Dieses Jahr bin ich schon zum dritten Mal bei diesem Fest, sehe zum dritten Mal denselben Tanzablauf – und doch sind die Tänze jedes Mal anders. Es scheint, sie haben ein großes Repertoire, und jedes Mal wählen sie zwei andere Stücke daraus, damit ihnen nicht langweilig wird.
Zwischen den Tänzen kommt ein kleines Mädchen aus dem Laden und tanzt freudig zur Gruppe der älteren Mädchen, übt dabei schon ihre zukünftige Rolle.
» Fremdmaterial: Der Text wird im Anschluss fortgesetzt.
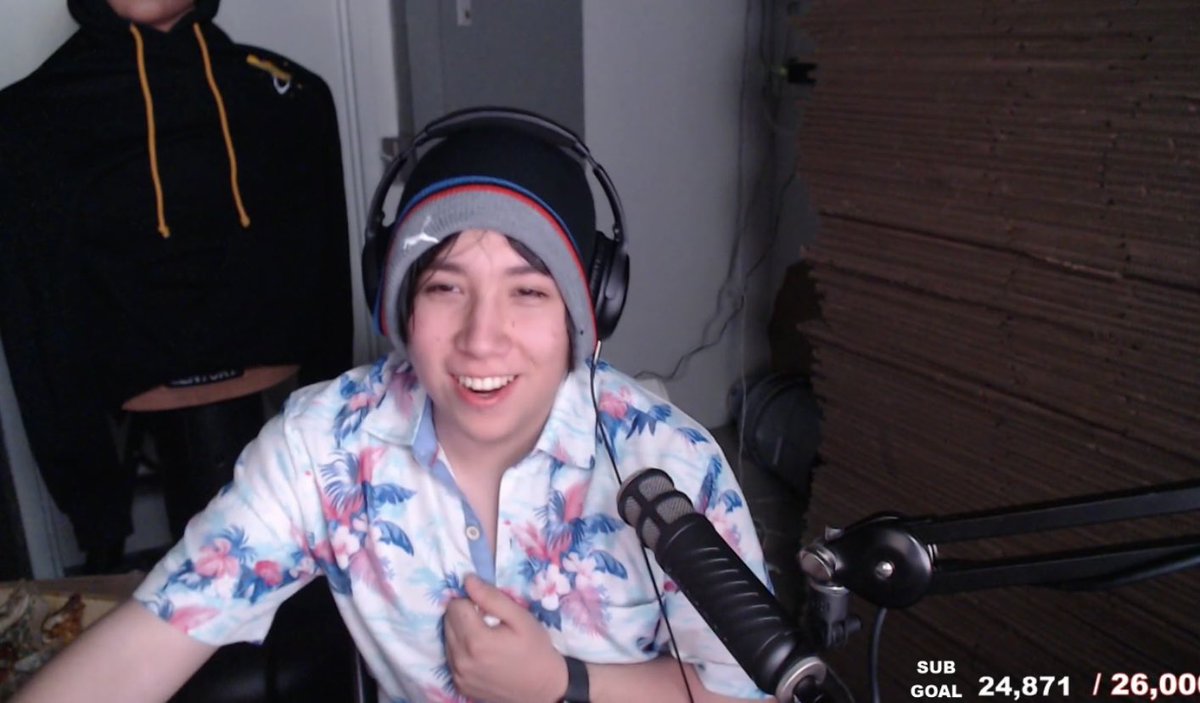 thread of quackity screenshots i have from the hot wings stream ^____^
Der dritte Programmpunkt ist der Chor der Großmütter, die die Gäste begrüßen und die bisherigen Tänze in die Tradition einbetten.
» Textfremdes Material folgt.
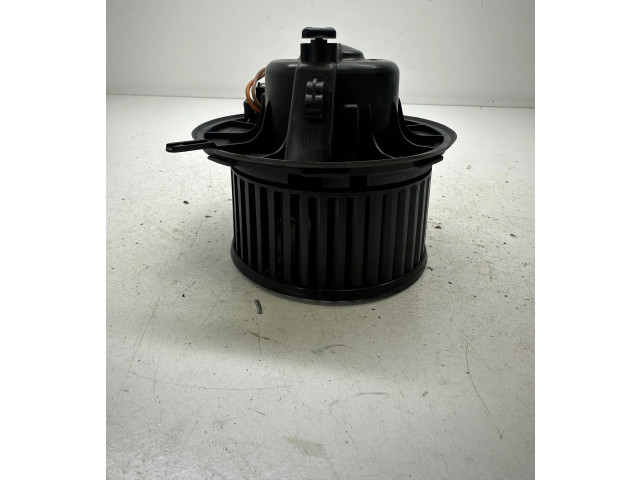Вентилятор печки 3C1820015T, 3C0907521F   Volkswagen Tiguan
Beim vierten Tanz betreten die Väter den Platz, spielen mit ihren Qeej, kommunizieren mit den Ahnen und bitten um Segen für den Partnerwahltag.
Schließlich betreten alle bisherigen Gruppen den Platz und gehen im Kreis, um die Gemeinschaft zu symbolisieren. Die Zuschauer schließen sich an, ebenso wie früher die jungen Männer, die so ihre Wahl kennenlernen konnten, unter Aufsicht der Eltern.
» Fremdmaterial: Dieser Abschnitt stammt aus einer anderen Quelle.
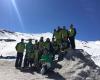 La gran cantidad de nieve permite los entrenos de los esquiadores de la RFEDI en Sierra Nevada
Was haben wir hier gesehen? Ein zynischer Europäer mag denken: nur eine Show für Touristen. Aber das ist nicht so sicher. Man kann davon ausgehen, dass auch die Chinesen ihre Traditionen lieben und genauso aus Freude an ihnen leben wie z. B. die Menschen in Siebenbürgen beim Tanzhaus. Freude und Begeisterung sind spürbar. Auch wenn Touristen kommen – im Januar waren nur ein oder zwei da –, die Aufführung findet statt. Und sie würde auch ohne Touristen stattfinden. Die Kleidung ist echt, wird auch im Alltag getragen; die Tänze sind authentisch. Moderne Popmusik taucht gelegentlich auf, zeigt aber die Lebendigkeit des Brauchs. Dass die Teilnehmer vom Gemeinderat Geld bekommen, mindert die Authentizität des Festes nicht. Wünschten wir uns doch, dass anderswo, auch in Osteuropa, die Behörden so die Bewahrung von Traditionen und die Stärkung der Identität ethnischer Minderheiten unterstützten, indem sie ihre Praxis fördern.